Although there has been increasing critical attention to the role of
memory in these genres, nostalgia is a neglected topic. We seek papers
that explore nostalgia as affect and motif in the genre, following
Jameson's description of sf as a mode of "apprehending the future as
history" (1982), while discussing seemingly future-oriented texts such
William Gibson's Neuromancer (1984) and Ridley Scott's Blade Runner
(1982). Nostalgia had already been consolidated within mainstream
popular culture via George Lucas's Star Wars (1977) which
self-consciously harkened back to earlier eras, texts and subgenres,
from the space operas of E.E. Doc Smith to the film serials of the
1930s, from Fred Wilcox's Forbidden Planet (1956) to Frank Herbert's
Dune (1965). In contemporary media, Star Wars itself is now one among
many rebooted titles, as mainstream science fiction reanimates its own
popular history. As Judith Berman argues in "Science Fiction without the
Future" (2001), even the stories of Golden Age pulp sf were less about
the future than "full of nostalgia, regret, fear of aging and death."
The genre has frequently been preoccupied with the past as it imagines
the future even in cinema, evident in films such as Code 46
(Winterbottom 2003) and Eternal Sunshine of the Spotless Mind (Gondry
2004) which are driven by almost futile search for the lost object.
Further connections may be detected between nostalgia and gernes such as
utopia and dystopia. If utopianism produces future-orientated discourses
that seek to transform the present into an idealised future, nostalgia
might be described as inverted utopianism that generates an ameliorated,
utopianized recollection of the past, as is evident in
nineteenth-century utopias, such William Morris's News from Nowhere
(1890) whose post-apocalyptic future betrays a yearning for a
pre-industrial, pastoral era. In The Future of Nostalgia (2001) Svetlana
Boym contends that nostalgia can function as as a critical form of
remembering that is not bound to a single version of the past, enabling
texts to revisit the past to animate different realities and futures, a
technique central to works such as Joanna Russ's The Female Man (1974)

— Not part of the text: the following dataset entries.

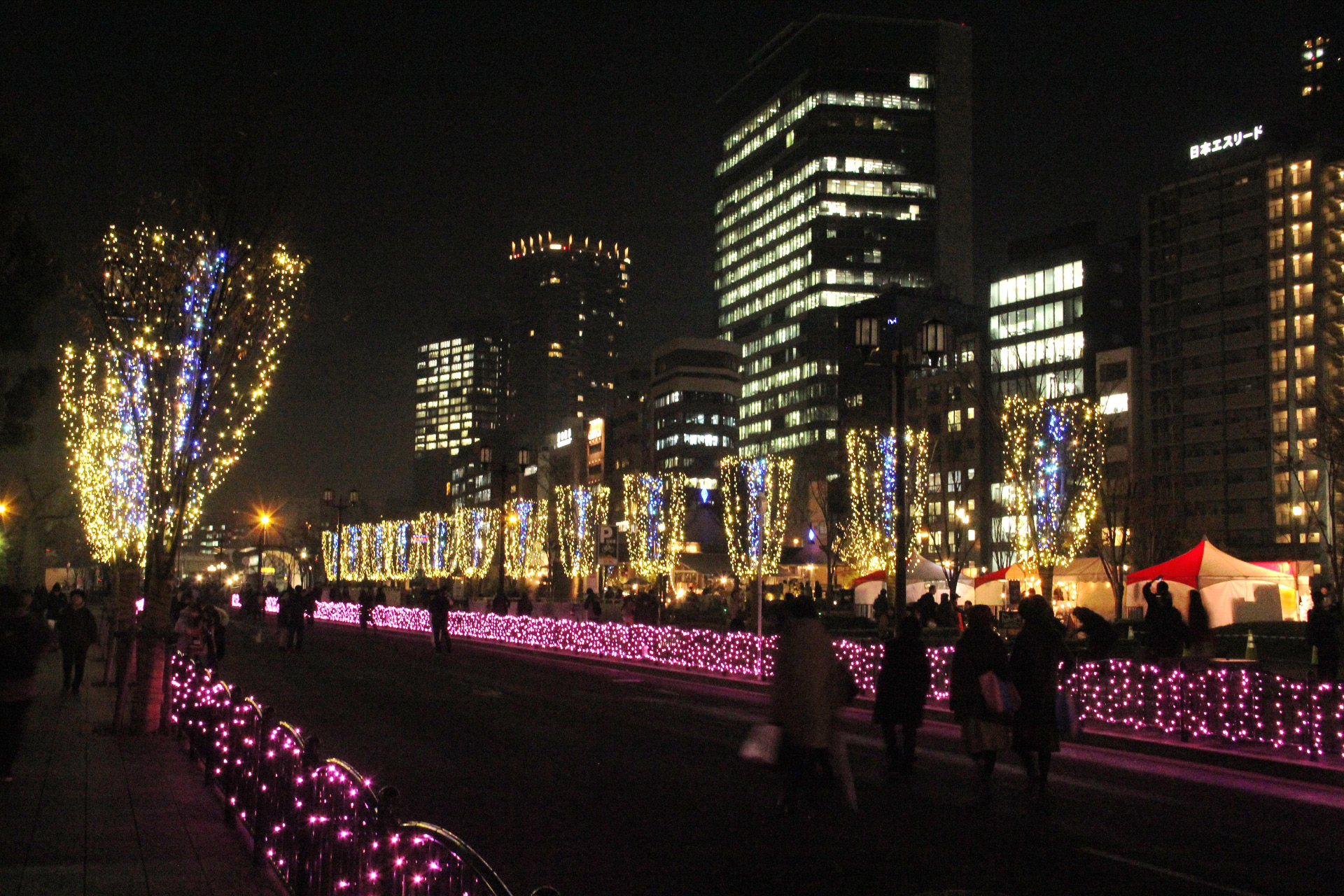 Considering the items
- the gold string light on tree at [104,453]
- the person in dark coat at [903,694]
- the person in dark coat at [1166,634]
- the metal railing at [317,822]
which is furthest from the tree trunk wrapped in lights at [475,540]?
the metal railing at [317,822]

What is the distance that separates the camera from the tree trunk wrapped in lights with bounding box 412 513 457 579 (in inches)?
3679

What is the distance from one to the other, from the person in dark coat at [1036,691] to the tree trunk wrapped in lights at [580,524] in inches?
2384

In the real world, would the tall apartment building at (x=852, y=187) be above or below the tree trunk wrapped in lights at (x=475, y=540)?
above

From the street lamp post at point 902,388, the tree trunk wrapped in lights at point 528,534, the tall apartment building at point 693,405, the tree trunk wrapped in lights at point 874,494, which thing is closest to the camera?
the street lamp post at point 902,388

and Marge Piercy's Woman on the Edge of Time (1974). Classical
dystopias, on the other hand, such as Eugene Zamyatin's We (1920-21) and
George Orwell's Nineteen Eighty-Four (1948) often look to the past as a
time of more authentic existence, a motif that continues in recent
television series such as The Walking Dead (2010-) and The Handmaid's
Tale (2017-), especially in their use of flashback sequences.
Most recently, we have seen widescale interest in sf that
nostalgically engages with the 1980s, often through allusions to sf of
that era. Netflix has been a major agent in this trend, exemplified by
the phenomenal success of Stranger Things (2016-), whose 1980s setting
is also contemporary with Jameson's theorization of sf and history.

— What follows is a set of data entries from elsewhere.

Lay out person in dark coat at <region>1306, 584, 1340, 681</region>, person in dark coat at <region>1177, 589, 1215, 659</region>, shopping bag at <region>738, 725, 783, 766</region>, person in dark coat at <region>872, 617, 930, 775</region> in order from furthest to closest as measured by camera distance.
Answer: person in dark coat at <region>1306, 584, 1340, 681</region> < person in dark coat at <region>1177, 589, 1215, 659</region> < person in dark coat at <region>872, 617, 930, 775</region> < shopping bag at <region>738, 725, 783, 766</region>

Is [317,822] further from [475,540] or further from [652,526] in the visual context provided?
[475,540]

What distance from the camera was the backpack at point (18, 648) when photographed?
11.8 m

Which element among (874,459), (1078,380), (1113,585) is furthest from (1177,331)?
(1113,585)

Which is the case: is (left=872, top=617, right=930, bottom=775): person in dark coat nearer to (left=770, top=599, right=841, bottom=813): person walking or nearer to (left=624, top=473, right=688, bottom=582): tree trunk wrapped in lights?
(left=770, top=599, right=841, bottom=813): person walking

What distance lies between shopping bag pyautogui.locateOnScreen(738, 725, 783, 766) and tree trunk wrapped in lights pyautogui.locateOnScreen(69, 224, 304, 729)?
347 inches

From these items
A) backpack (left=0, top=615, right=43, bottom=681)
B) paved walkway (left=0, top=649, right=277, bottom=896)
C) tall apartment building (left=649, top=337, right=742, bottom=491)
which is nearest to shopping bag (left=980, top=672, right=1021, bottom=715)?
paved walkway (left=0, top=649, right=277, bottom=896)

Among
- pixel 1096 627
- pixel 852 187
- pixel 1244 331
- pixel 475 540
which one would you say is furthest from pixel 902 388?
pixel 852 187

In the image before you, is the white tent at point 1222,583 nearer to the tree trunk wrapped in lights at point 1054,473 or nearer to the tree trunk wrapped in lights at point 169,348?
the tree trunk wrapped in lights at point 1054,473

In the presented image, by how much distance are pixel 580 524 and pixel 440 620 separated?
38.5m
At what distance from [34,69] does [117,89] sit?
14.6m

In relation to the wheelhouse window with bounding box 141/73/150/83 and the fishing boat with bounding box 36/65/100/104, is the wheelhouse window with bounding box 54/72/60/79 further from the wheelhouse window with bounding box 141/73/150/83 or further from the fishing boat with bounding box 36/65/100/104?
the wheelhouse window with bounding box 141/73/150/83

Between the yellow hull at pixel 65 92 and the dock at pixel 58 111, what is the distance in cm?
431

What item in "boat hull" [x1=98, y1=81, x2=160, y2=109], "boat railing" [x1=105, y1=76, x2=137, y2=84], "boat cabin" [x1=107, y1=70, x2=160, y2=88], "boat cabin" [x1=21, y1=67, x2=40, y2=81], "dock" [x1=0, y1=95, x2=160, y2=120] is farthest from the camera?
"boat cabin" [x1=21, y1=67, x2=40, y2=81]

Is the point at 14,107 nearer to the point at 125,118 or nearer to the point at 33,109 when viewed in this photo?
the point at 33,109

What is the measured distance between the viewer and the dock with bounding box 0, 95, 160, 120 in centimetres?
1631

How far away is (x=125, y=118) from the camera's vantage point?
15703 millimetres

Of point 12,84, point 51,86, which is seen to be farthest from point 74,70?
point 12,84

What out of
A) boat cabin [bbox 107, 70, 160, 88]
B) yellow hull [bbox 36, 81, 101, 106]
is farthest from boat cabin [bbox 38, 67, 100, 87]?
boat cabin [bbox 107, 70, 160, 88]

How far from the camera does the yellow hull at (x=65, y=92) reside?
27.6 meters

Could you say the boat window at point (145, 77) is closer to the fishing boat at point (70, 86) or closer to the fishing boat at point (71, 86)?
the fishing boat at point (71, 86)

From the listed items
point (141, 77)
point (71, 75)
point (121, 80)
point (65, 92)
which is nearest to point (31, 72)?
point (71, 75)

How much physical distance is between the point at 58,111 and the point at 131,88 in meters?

Other Netflix projects indicate an ongoing interest in nostalgia and
this particular decade, such as the German series Dark (2017-), which
uses time travel and alternative histories to evoke the 1980s as a
consequential turning point in history, or the "San Junipero" episode of
Black Mirror (2011-), whose recreation of the 1980s in an online virtual
afterlife is often described as the only optimistic episode of the
series. This recent cycle of sf might be thought of as second-order
nostalgia, that is, texts that encourage young audiences to feel
nostalgia about a period they did not live through, one they experienced
only via media made at this time. Drawing on Marianne Hirsch's
theorization of "post-memory," we suggest the term "post-nostalgia" as a
way to conceptualize the affective and thematic preoccupations of such work.
We invite submissions that explore these complex
intersections of nostalgia and sf. We are interested in papers that
revisit the dominant perception of nostalgia as a conservative affective
response to a contemporary sense of crisis, and we especially welcome
those that explore reflective, critical, or transformative examples of
nostalgia that enables a dialectic relationship to the past. We
encourage papers that explore how and why nostalgia has resurfaced in
genres of the speculative at this particular historical moment. We
welcome submissions that explore science fiction in any medium.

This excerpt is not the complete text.